Seanad debates

Wednesday, 13 November 2019

Nithe i dtosach suíonna - Commencement Matters

Aquaculture Licences

10:30 am

Photo of Andrew DoyleAndrew Doyle (Wicklow, Fine Gael) | Oireachtas source

I thank the Senator. I will deal with his specific questions in the second part of my contribution.

An aquaculture licence is required by law for the cultivation of finfish, shellfish and certain marine plants such as seaweed. My Department considers all applications for aquaculture licences in accordance with the provisions of the Fisheries (Amendment) Act 1997, the Foreshore Act 1933 and application EU legislation.

The licensing process involves consultation with a wide range of scientific and technical advisers, as well as various statutory consultees. The legislation also provides for a period of public consultation. In addition, the Department must adhere to a wide range of regulatory requirements and other legislation that impact on the licensing process.

On appropriate assessment, a key component of the aquaculture licensing process is a series of measures designed to address the impact of aquaculture on the environment. This series is known as appropriate assessment or AA. This process arose from a European Court of Justice case against Ireland in 2007. The European Court of Justice declared that, by failing to take all the necessary measures to comply with the EU habitats directive in respect of authorisation of aquaculture programmes, Ireland had failed to fulfil its obligations under that directive.

The EU habitats and birds directives have resulted in the designation of certain bays by the National Parks and Wildlife Service as special areas of conservation and-or special protection areas for birds. These are known as Natura 2000 sites and most aquaculture takes place within or adjacent to them.

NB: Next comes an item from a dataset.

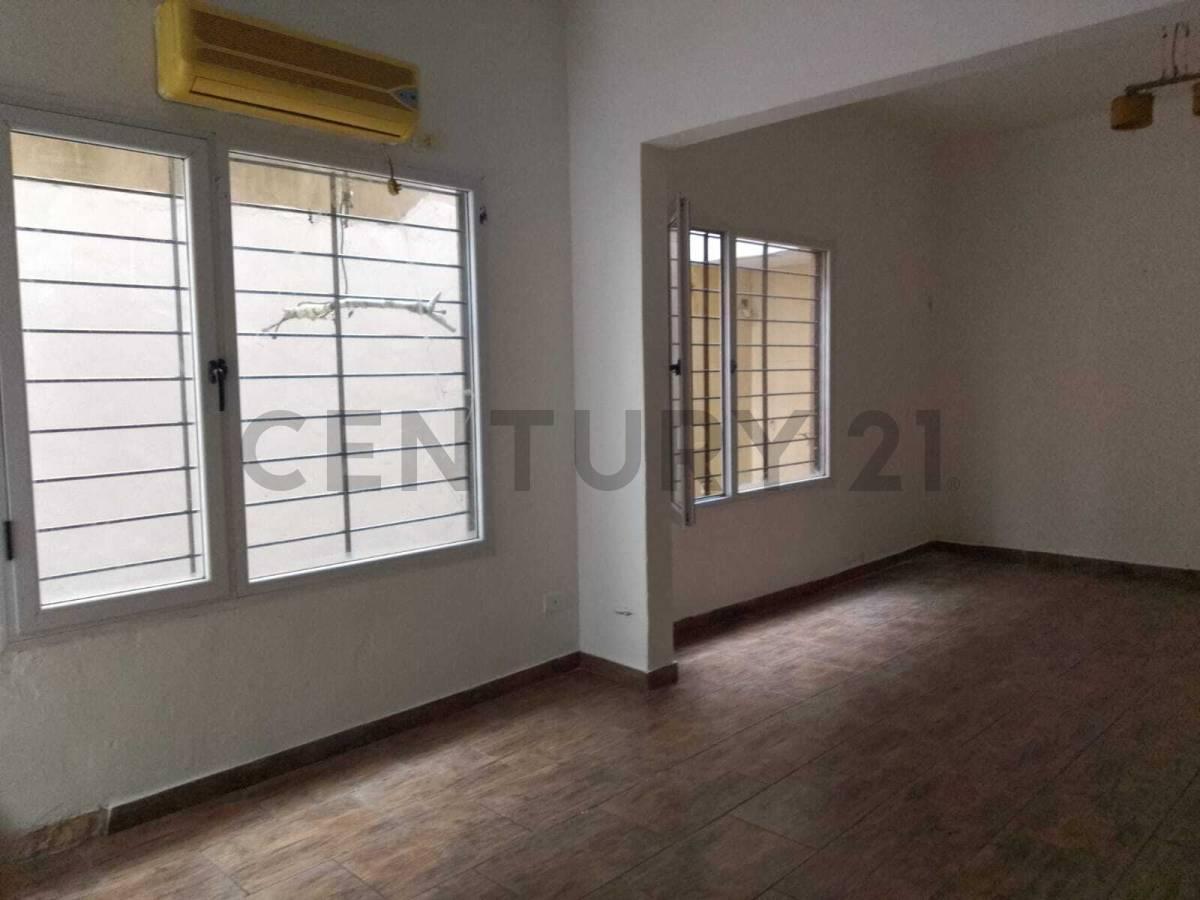 Foto de PH VENTA 4 AMBIENTES VILLA DEVOTO IMPECABLE ESTADO, imagen 1
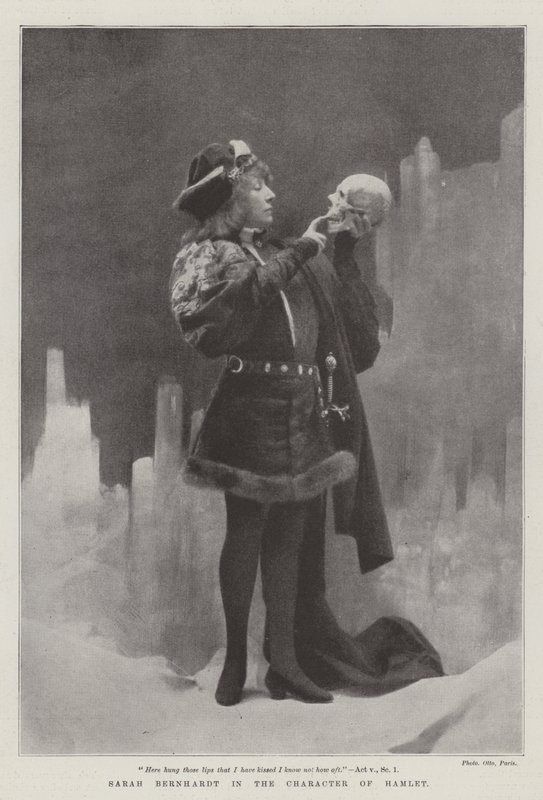 Sarah Bernhardt a Hamlet karakterében alkotó: English Photographer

In the negotiations to address the ECJ judgment, the Department agreed a process with the European Commission and the NPWS that would govern the State's processing of aquaculture licence applications. The appropriate assessment process is managed, in the main, by the Marine Institute via environmental and scientific contractors commissioned by the institute to carry out the necessary fieldwork and desk analysis. To date, the Marine Institute has submitted appropriate assessments on 32 bays to my Department, of which Ballyness Bay is one.

Ballyness Bay in County Donegal has been designated an SAC. There are also a number of other special areas of conservation and special protected areas close to Ballyness Bay. Full consideration was given to the likely interaction between these areas and the proposed aquaculture activities. No aquaculture operation currently operates within the Ballyness Bay special area of conservation.

The appropriate assessment considered 20 applications for aquaculture operations in the bay, which consisted of 14 for the cultivation of oysters only, five for the cultivation of oysters and clams and one for the cultivation of clams only. The number of sites being applied for has subsequently been reduced to 18 applications as applications for two sites for oysters were withdrawn.

As part of the statutory and public consultation process, the legislation requires periods of statutory and public consultation in respect of these applications. All observations received within that period are carefully considered by the Department.

In accordance with the applicable legislation, notice of the applications concerning the Ballyness Bay was published by the applicants, not the Department albeit under the instruction of the Department, in the Donegal Democraton various dates between 14 March and 26 March. From the date of the relevant notice, the public had four weeks to make written submissions or observations to the Department on the applications specified in the notice. During that time, the application documentation was available for inspection in the Garda stations specified in the public notices and on the Department's website.

In addition, the legislation governing aquaculture licensing provides for an appeals mechanism. Any member of the public who wishes to appeal a ministerial decision may do so by submitting an appeal to the aquaculture licences appeals board, which is an independent body established by statute.

The Department has received a number of representations from members of the public and public representatives on the licensing process as it affects Ballyness Bay. In addition to general complaints concerning the appropriateness or otherwise of intertidal aquaculture in Ballyness Bay, there have been specific concerns expressed concerning the consultation process. Specifically, the placement of public notices in the Donegal Democratis regarded as inadequate by a number of members of the public and public representatives. However, the procedures in respect of the public notices adhere fully to the legislative requirements.In addition to the public notices, the applications were available to view in specified local Garda stations and on the Department's website.

In conclusion, the licensing process in respect of Ballyness Bay conforms fully with all legislative requirements. The legislation is designed to protect the public interest, including the applicant. The statutory and public consultation phases in respect of the applications referred to in Ballyness Bay have concluded. It is, therefore, essential that I do not engage with parallel discussions outside of the statutory process. As the applications referred to by the Senator are the subject of ongoing detailed considerations as part of the process, it would not be appropriate to comment further pending a conclusion of that process.